In the chart above, I asked how many times politicians appeared on guests
on the major late-night talk shows over time, and it does reveal an interesting trend: political guests increasingly are a trend.
The analysis also confirms that "Colbert" way over-indexes in
terms of political guests, although I'm not sure why that's a problem in and of itself.
Politicians can be interesting subjects, especially when interviewed by a deft talk-show host using
humor to humanize them and make them more accessible to viewers (ie. voters).
That's not something that was lost on the Richard Nixon Foundation, which has made the then presidential
candidate's 1967 interview with Johnny Carson available on YouTube (see below).
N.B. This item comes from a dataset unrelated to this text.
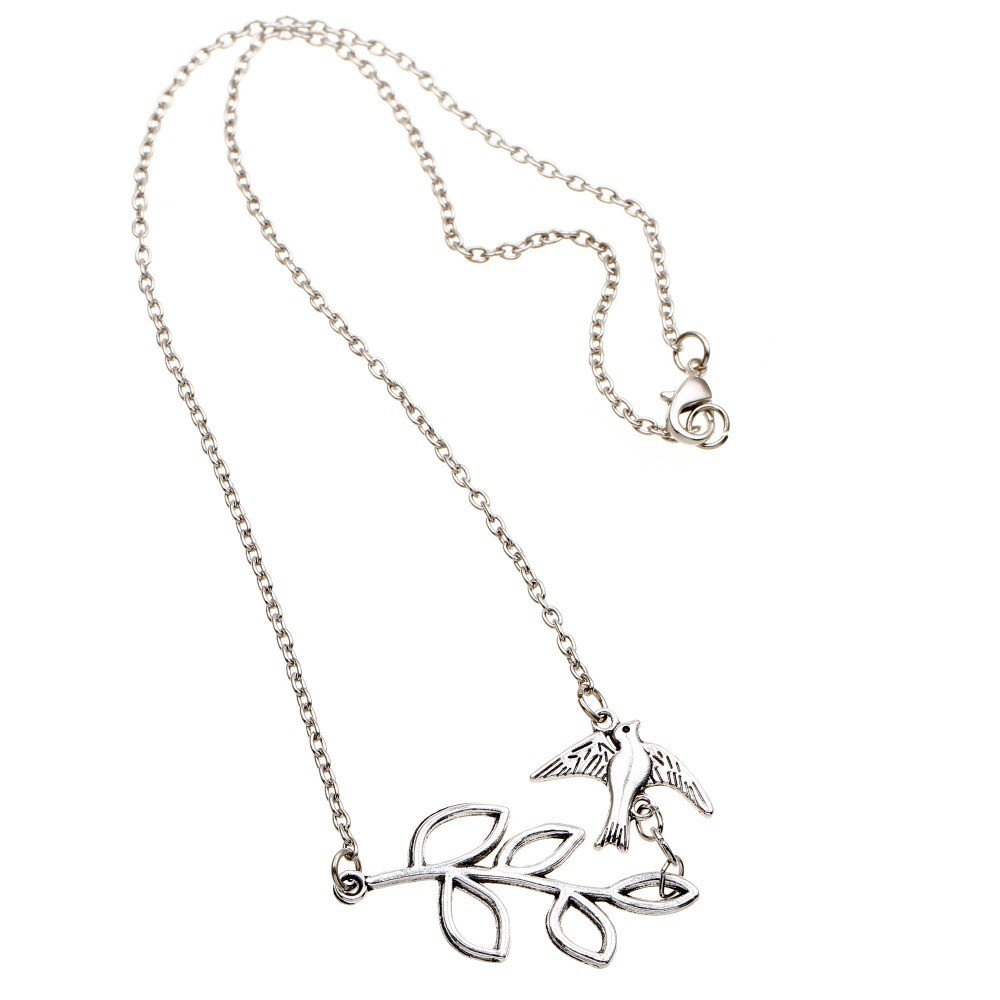 Fashion-2015-Rhinestone-Silver-Leaf-Chains-Necklaces-Bird-Torques-Collar-Necklace-Lucky-Tree-Pendant (1)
Of more recently, when Jimmy Fallon helped humanize
then aspiring presidential candidate Donald Trump by tussling his hair on air.

The truth is that political guests are far from something new on
late-night talk shows -- and they have been growing increasingly frequent.
What is new is explicitly political programming posing as late-night entertainment talk shows, including Fox News
Channel's "Gutfeld!" and Fox News Channel's/Trinity Broadcasting Network's "Huckabee."
Since "Gutfeld!"'s April 5, 2021 debut as a late-night show on Fox News Channel, it has had 170
appearances by politicians, which is about half the number that have appeared on "Colbert" and "Huckabee."
But the reality is that we now have a new genre of late-night TV programming that is
just a more explicit form of something late-night TV has been doing all along.